Jason Stellman, Reformed Pastor of the PCA Converts
I posted about Jason Stellman before when he first announced his intention to become Catholic this past summer. He explained his reasons for desiring to convert on the Called to Communion blog but quickly removed them for personal reasons. I had asked for prayer for him and his family. This weekend he was received into the Church in Kirkland, Washington. Incidentally, Scott Hahn posted on his fb page that he was set to attend but missed a connecting flight. Dr. Hahn had been a reformed pastor in the PCA and was the forerunner of many conversions so his attendance at his confirmation would have been very apropos.
Here on Called to Communion, Jason again posts his story. Continue to pray for him as he now needs to find a source of income for his family. These people like Jason who forfeit their careers, income, and respect in their religious community are heroes in my estimation. "So therefore, any one of you who does not renounce all that he has cannot be my disciple." (Luke 14:33)
"If justification by faith alone was indeed “the article on which the church stands or falls,” as Reformed theology claimed, then wouldn’t we expect it to have been taught by Jesus himself, somewhere? Moreover, wouldn’t John have taught it, too? And Peter, and James? Shoot, wouldn’t Paul himself have taught the imputation of alien righteousness somewhere outside of just two of his thirteen epistles?"

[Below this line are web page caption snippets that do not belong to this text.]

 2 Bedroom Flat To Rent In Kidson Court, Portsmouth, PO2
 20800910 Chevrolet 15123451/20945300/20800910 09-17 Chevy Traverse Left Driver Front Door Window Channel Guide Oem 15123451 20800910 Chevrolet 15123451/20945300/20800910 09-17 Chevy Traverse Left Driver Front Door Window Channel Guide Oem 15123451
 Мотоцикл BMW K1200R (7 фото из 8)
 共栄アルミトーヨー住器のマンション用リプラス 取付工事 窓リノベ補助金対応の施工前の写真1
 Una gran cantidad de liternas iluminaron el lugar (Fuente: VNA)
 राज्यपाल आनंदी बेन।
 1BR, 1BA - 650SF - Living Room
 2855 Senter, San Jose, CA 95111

"And make no mistake, the Catholic Church is disruptive. It is audacious and confrontational, sucker-punching and line-in-the-sand drawing. Like the Lion Aslan from C.S. Lewis’s Chronicles of Narnia, it is not a tame Church, and will make no promise not to devour and discomfit its subjects as they partake of its life-giving water, causing them to constantly bend the knee and cede their worldly wisdom to the foolishness of the cross. In the words of Aslan to Jill, who expressed fear about letting down her guard to drink from the water by which he stood, “There are no other streams.” Or the words of Peter to Jesus when asked if the Twelve would forsake Him because of His difficult and demanding message, “Lord, to whom shall we go? You have the words of eternal life.”